Sociedad Nacional de Minería (lit. National Mining Society) or SONAMI is a guild grouping mining companies operating in Chile. With 76 member companies listed as of 2025 it is more inclusive than Consejo Minero which groups only the 16 largest mining companies. SONAMI was established in 1883 during a time when gold, silver and copper mining in Chile were experiencing a decline.

SONAMI declares its objectives to be to promote mining activity, represent the interests of its member in Chile and abroad and to offer information services.

The society publishes the newsletter Boletín Minero since 1883. SONAMI has been involved in the shaping of Chilean legislation on various moments in history such as the Chilean Mining Code of 1888, the Chilean Law on Mining Concessions in the 1980s and the 2003 DS 76 decree of the Ministry of Mining.
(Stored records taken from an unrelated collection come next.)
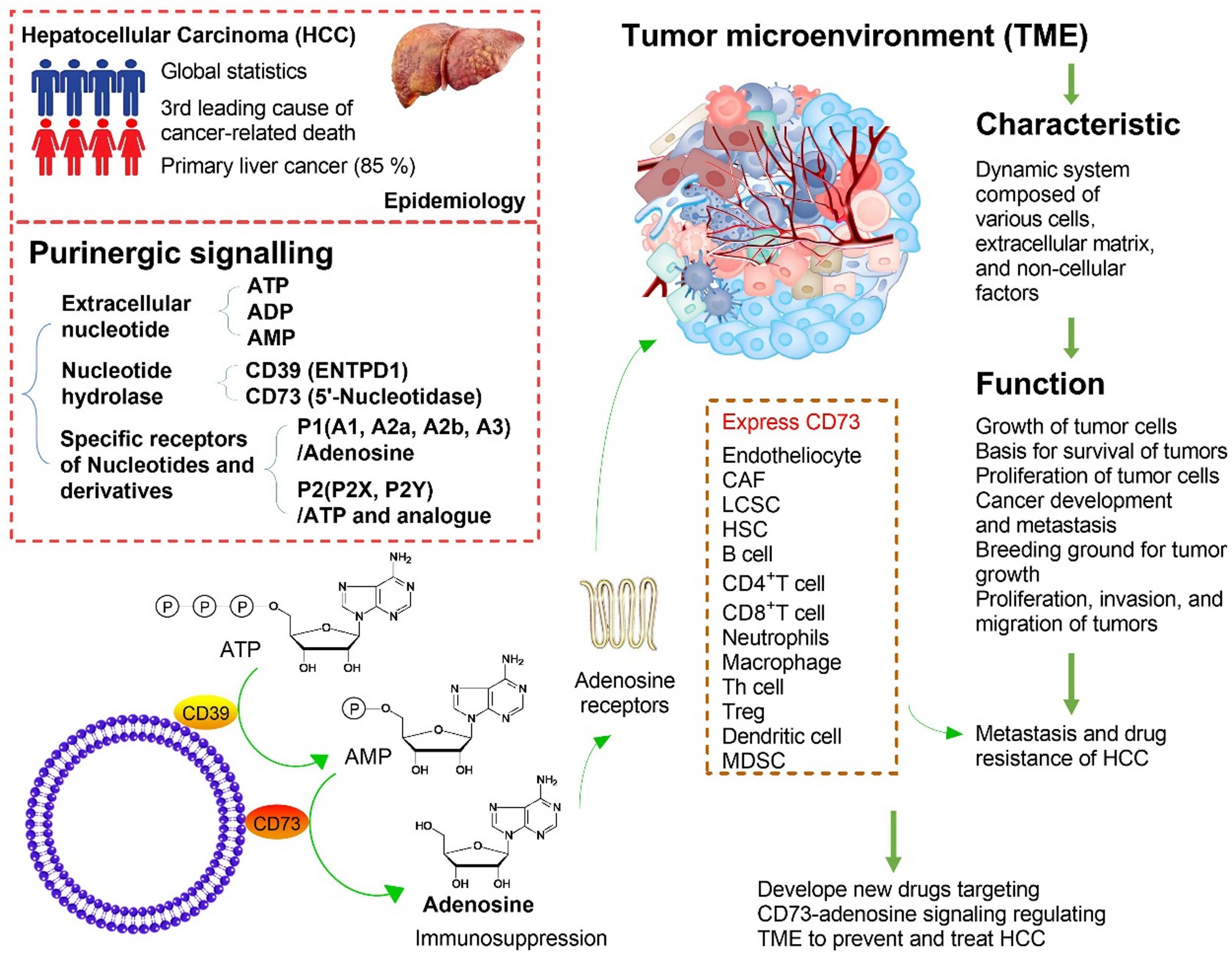 Research progress of CD73-adenosine signaling regulating hepatocellular carcinoma through tumor microenvironment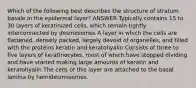 Which of the following best describes the structure of stratum basale in the epidermal layer? ANSWER Typically contains 15 to 30 layers of keratinized cells, which remain tightly interconnected by desmosomes A layer in which the cells are flattened, densely packed, largely devoid of organelles, and filled with the proteins keratin and keratohyalin Consists of three to five layers of keratinocytes, most of which have stopped dividing and have started making large amounts of keratin and keratohyalin The cells of this layer are attached to the basal lamina by hemidesmosomes.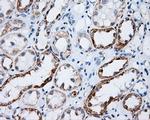 LIPG Antibody in Immunohistochemistry (Paraffin) (IHC (P))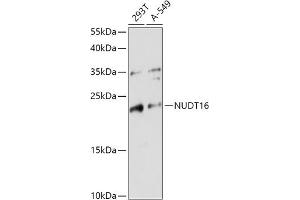 Western blot analysis of extracts of various cell lines, using NUDT16 antibody (ABIN7269069) at 1:1000 dilution.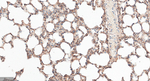 APPL1 Antibody in Immunohistochemistry (Paraffin) (IHC (P))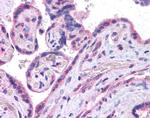 c-MAF Antibody in Immunohistochemistry (IHC)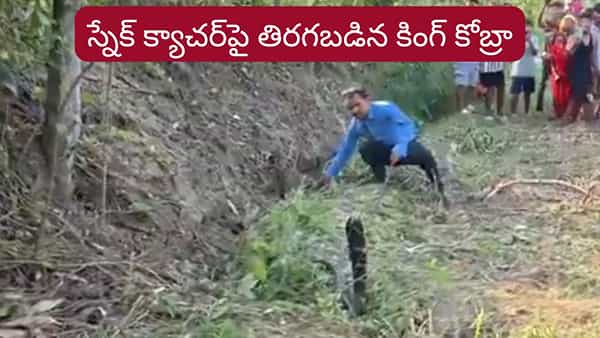 Viral Video: స్నేక్ క్యాచర్పై దూసుకెళ్లిన కింగ్ కోబ్రా.. వీడియో చూస్తే గుండె గుభేల్..!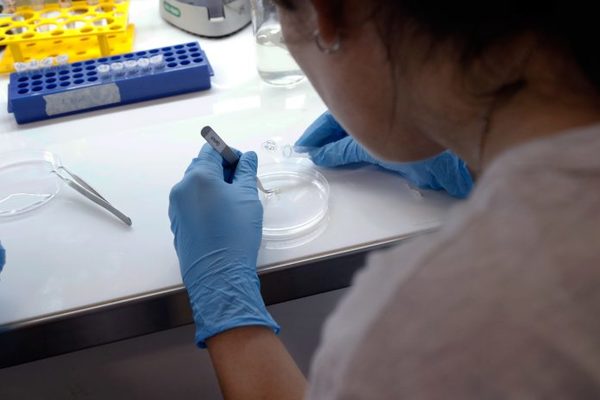 CIENTÍFICOS ARGENTINOS DESARROLLAN KITS QUE DETECTAN CORONAVIRUS EN UNA HORA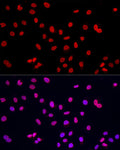 Anti-LMNA antibody (400-500) (STJ11103805) – Figure 1 of 1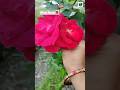 Blooming Red Rose Vibes 🌹💖 #shorts #viralvideo #trendingshorts #flowers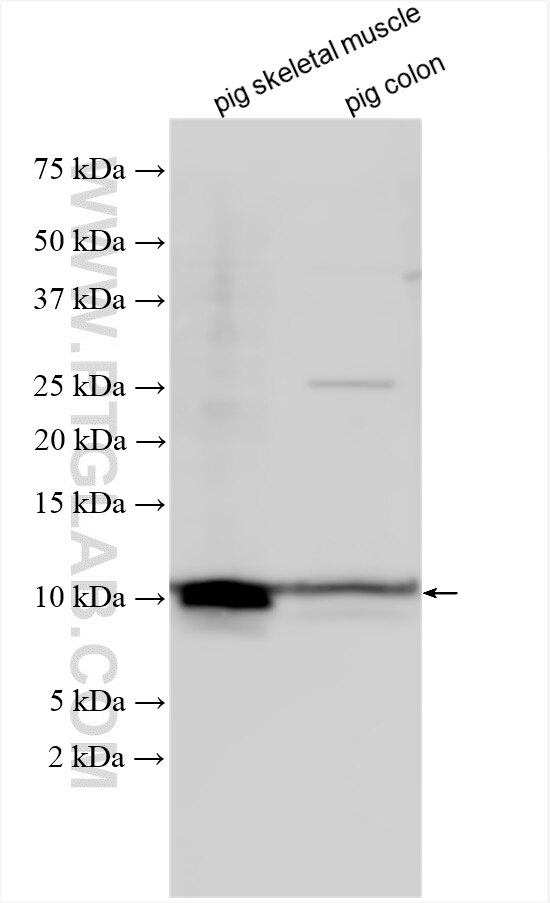 Western Blot (WB) analysis of various lysates using SMPX Polyclonal antibody (15791-1-AP)
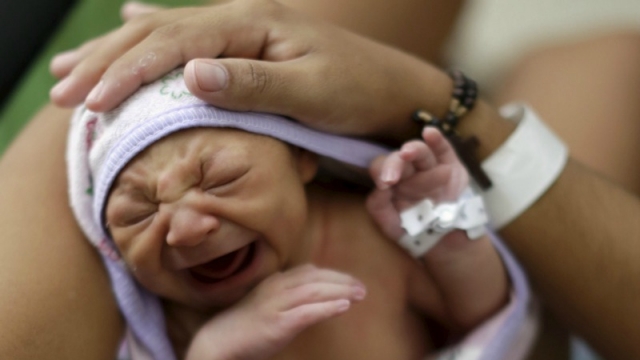 Researchers find new Zika virus clues to microcephaly in foetus study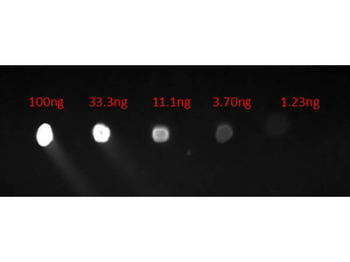 Human IgG (H&L) Antibody Fluorescein Conjugated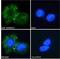 Neutral cholesterol ester hydrolase 1 antibody, LS-C61698, Lifespan Biosciences, Immunofluorescence image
The San Lorenzo Prize (Premio San Lorenzo) is awarded by SONAMI each year to people or institutions who contribute to mining in Chile. It is named after Saint Lawrence the patron saint of miners and is awarded on the Day of the Miner which is the feast day of Saint Lawrence. Some recipients are:
- 2023: Enrique Merino Cortés; Planta Delta and Faena Tambo de Oro.
- 2022: Planta Magnetita

==See also==
- Codelco, a Chilean state-owned copper mining company
- ENAMI, a Chilean state-owned mining services company
- Hernán Videla Lira, president of SONAMI from 1937 to 1965
- Pirquinero, artisanal miner in Chile and neighbouring countries

==Bibliography==
- Ulloa Urrutia, Alfie (2017). "Productividad en la Gran Minería del Cobre"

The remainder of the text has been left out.